A Basic Stereo Algorithm
- Given: Rectified Images and Stereo Calibration.
- For each epipolar line take a pixel on this line in the left image, compare these left image pixels to every pixel in the right image on the same epipolar line.
- select the right image pixel that matches the left pixel the most closely which can be done by minimizing the cost.
- a very simple cost can be the squared difference in pixel intensities.
- Finally, we can compute the disparity by subtracting the right image location from the left one.

Image filtering

Cross correlation

The idea to reduce salt-pepper noise is to compute the mean of the whole neighborhood, and replace the outlier pixel with this mean value: $$G[u,v] = \frac 1{(2k+1)^2} \sum^k_{i=-k} \sum^k_{j=-k} I[u-i, v-j]$$
- where (2k+1) is the filter size, (u,v) is the center pixel coordinates
The mean equation can be generalized by adding a weight to every pixel in the neighborhood, resulting in cross-correlation.

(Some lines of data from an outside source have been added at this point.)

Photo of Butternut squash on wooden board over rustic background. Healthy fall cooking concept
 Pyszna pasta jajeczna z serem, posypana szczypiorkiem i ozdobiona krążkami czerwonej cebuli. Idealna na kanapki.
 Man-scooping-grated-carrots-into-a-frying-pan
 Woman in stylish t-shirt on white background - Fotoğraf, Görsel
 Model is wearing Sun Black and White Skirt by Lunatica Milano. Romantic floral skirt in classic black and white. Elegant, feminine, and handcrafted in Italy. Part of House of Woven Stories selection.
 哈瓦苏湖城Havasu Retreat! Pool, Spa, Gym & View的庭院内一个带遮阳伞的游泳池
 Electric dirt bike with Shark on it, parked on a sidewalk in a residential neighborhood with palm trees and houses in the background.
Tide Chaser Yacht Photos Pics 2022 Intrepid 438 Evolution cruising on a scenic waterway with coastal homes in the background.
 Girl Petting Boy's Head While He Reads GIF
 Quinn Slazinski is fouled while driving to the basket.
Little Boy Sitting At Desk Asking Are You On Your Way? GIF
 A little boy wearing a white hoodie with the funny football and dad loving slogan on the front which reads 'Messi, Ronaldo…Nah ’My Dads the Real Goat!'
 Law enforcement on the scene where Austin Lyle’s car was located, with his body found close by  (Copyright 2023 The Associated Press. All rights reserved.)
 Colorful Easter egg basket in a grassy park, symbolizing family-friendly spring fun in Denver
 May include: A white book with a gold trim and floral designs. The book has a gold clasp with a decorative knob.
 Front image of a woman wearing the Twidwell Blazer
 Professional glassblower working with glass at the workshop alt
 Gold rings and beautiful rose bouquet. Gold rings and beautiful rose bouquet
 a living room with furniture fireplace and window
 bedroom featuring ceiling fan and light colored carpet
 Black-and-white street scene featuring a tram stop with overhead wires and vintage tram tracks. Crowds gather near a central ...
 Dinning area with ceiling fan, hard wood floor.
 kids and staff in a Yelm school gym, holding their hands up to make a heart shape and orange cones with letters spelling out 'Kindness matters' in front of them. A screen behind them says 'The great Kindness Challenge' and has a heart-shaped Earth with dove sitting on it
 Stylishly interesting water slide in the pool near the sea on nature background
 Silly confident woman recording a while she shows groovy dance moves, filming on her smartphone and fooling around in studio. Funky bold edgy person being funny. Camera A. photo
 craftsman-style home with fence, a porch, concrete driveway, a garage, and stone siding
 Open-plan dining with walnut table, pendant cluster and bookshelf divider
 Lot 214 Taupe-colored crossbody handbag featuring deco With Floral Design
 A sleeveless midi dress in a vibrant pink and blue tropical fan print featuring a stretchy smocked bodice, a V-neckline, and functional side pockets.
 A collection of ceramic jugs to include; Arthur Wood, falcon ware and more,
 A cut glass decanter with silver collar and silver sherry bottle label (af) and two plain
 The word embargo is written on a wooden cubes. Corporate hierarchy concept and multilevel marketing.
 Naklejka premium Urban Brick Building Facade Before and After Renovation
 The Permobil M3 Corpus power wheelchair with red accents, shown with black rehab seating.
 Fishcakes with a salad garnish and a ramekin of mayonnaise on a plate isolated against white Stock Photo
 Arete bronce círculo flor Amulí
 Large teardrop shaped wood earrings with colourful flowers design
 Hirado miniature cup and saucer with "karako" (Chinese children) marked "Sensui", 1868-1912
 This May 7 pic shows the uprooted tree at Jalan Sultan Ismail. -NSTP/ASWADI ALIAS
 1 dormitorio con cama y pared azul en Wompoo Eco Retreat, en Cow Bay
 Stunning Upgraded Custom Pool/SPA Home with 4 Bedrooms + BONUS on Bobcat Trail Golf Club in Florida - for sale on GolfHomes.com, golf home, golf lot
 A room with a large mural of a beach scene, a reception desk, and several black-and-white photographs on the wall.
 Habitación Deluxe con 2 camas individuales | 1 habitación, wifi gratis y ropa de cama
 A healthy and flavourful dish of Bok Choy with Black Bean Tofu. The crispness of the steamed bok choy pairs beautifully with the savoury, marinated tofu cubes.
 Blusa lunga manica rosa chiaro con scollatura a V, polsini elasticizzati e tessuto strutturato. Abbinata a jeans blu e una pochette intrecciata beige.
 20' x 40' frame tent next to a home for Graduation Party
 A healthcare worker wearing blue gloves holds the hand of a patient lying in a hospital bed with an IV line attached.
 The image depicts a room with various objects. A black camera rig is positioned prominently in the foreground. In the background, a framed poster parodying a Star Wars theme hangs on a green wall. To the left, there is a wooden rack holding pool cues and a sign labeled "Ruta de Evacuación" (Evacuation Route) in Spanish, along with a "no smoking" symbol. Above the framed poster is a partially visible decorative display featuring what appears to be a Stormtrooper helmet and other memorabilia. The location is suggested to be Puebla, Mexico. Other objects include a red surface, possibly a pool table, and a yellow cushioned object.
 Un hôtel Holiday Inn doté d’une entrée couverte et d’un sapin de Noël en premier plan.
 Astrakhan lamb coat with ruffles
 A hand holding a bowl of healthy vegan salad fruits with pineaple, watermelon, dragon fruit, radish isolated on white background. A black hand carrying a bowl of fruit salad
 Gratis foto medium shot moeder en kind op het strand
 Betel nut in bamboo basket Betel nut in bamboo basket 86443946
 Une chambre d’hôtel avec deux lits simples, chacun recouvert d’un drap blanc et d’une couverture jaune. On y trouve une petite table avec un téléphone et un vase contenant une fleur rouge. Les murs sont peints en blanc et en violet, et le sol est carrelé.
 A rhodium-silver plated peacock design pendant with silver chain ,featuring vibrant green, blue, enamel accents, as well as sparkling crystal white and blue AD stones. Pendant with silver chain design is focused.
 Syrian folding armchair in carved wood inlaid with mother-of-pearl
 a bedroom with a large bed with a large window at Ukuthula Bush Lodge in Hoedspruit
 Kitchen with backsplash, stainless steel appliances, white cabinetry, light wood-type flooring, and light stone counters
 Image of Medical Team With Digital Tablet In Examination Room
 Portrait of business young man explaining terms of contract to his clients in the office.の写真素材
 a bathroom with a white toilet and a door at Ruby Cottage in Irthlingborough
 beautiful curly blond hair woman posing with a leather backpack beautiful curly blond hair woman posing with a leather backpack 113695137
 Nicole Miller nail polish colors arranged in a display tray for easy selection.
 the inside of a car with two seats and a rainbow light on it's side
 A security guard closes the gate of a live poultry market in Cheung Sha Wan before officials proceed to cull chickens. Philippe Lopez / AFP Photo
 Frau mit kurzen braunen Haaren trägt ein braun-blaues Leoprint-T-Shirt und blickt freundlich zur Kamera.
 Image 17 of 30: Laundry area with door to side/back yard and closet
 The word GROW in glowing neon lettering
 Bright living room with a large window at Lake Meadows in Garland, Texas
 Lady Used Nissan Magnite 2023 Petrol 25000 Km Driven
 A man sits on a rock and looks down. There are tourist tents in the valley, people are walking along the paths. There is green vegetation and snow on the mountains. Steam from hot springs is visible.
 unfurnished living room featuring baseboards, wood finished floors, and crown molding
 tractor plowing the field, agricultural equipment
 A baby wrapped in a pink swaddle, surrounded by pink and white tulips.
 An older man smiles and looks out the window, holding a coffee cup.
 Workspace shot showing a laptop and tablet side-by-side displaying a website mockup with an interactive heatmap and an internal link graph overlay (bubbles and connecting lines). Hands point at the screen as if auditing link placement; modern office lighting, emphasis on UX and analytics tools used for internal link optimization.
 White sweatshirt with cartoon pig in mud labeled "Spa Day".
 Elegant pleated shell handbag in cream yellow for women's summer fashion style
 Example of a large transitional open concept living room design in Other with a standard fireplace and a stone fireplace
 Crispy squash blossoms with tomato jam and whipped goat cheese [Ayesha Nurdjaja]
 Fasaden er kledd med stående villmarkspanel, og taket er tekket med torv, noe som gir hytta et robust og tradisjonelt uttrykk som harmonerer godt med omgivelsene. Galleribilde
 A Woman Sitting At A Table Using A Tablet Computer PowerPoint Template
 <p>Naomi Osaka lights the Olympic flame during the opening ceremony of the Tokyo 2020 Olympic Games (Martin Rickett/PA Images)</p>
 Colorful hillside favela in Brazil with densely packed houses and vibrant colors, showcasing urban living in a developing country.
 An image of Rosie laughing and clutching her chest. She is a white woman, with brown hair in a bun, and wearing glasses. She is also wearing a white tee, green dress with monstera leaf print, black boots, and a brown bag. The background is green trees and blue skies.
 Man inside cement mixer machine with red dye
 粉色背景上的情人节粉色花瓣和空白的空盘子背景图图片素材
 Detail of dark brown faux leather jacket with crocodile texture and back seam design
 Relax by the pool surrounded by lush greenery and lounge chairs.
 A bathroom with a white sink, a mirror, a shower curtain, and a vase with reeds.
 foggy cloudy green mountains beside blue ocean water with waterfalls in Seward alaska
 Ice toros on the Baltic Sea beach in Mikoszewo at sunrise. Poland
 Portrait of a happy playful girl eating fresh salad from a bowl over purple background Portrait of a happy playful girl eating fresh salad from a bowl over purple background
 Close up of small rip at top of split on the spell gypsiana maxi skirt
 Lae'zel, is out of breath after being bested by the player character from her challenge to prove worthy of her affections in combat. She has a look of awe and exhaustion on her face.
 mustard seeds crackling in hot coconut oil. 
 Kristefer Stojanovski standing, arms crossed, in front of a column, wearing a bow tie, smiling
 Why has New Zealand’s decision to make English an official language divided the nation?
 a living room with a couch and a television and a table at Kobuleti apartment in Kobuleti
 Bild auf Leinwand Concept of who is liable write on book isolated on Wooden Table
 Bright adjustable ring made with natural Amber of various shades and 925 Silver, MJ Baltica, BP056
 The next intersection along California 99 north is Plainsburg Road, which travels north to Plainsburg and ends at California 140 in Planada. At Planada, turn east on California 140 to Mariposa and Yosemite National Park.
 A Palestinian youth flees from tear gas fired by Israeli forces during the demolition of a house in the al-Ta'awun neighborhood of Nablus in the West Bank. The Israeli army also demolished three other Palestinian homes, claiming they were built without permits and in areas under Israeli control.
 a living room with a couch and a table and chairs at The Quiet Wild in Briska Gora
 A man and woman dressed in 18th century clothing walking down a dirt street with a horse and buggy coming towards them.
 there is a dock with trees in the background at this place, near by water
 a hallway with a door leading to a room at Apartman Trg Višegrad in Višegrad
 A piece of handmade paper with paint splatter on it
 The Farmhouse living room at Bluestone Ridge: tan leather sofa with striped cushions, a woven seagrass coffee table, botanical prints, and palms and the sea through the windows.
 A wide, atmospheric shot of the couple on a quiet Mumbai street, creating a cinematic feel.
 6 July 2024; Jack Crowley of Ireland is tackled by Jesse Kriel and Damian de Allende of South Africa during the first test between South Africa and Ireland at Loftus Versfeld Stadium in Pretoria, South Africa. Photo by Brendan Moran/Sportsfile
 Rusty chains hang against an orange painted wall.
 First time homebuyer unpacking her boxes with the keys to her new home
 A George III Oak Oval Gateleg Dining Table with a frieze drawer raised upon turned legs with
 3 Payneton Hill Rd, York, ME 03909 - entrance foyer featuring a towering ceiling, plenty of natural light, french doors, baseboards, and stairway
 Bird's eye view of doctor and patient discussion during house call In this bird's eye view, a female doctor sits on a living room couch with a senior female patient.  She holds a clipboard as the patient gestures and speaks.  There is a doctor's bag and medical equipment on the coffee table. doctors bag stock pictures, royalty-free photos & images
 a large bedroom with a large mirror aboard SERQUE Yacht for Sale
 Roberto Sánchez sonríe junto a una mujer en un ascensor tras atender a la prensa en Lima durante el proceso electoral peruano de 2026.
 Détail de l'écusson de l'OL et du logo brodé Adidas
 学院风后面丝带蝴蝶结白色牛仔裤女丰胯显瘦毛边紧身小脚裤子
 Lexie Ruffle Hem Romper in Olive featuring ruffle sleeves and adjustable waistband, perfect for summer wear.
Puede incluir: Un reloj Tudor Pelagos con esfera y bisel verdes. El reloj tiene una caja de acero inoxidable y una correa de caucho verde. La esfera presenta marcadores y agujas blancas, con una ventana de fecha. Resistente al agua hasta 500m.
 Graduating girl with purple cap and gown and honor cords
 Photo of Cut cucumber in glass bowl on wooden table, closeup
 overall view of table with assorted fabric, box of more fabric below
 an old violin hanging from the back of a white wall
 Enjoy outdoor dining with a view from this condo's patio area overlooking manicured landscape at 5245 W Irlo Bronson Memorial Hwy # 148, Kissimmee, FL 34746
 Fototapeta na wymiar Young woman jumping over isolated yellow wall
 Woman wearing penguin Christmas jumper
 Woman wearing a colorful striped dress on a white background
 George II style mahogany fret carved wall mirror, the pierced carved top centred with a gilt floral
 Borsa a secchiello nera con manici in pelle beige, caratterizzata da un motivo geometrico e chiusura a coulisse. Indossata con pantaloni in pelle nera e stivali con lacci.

The weight matrix H is called a kernel.
- Kernal could be: mean filter, gaussian filter
Application：
- Template matching: The pixel with the highest response from Cross-correlation is the location of the template in an image
- Image gradient computation: Define a finite difference kernel,and apply it to the image to get the image gradient

Convolution

A convolution is a cross-correlation where the filter is flipped both horizontally and vertically before being applied to the image
Unlike Cross-Correlation, Convolution is associative. If H and F are filter kernels then: $H(FI) = (HF)I$
Precompute filter convolutions(H*F)then apply it once to the image to reduce runtime.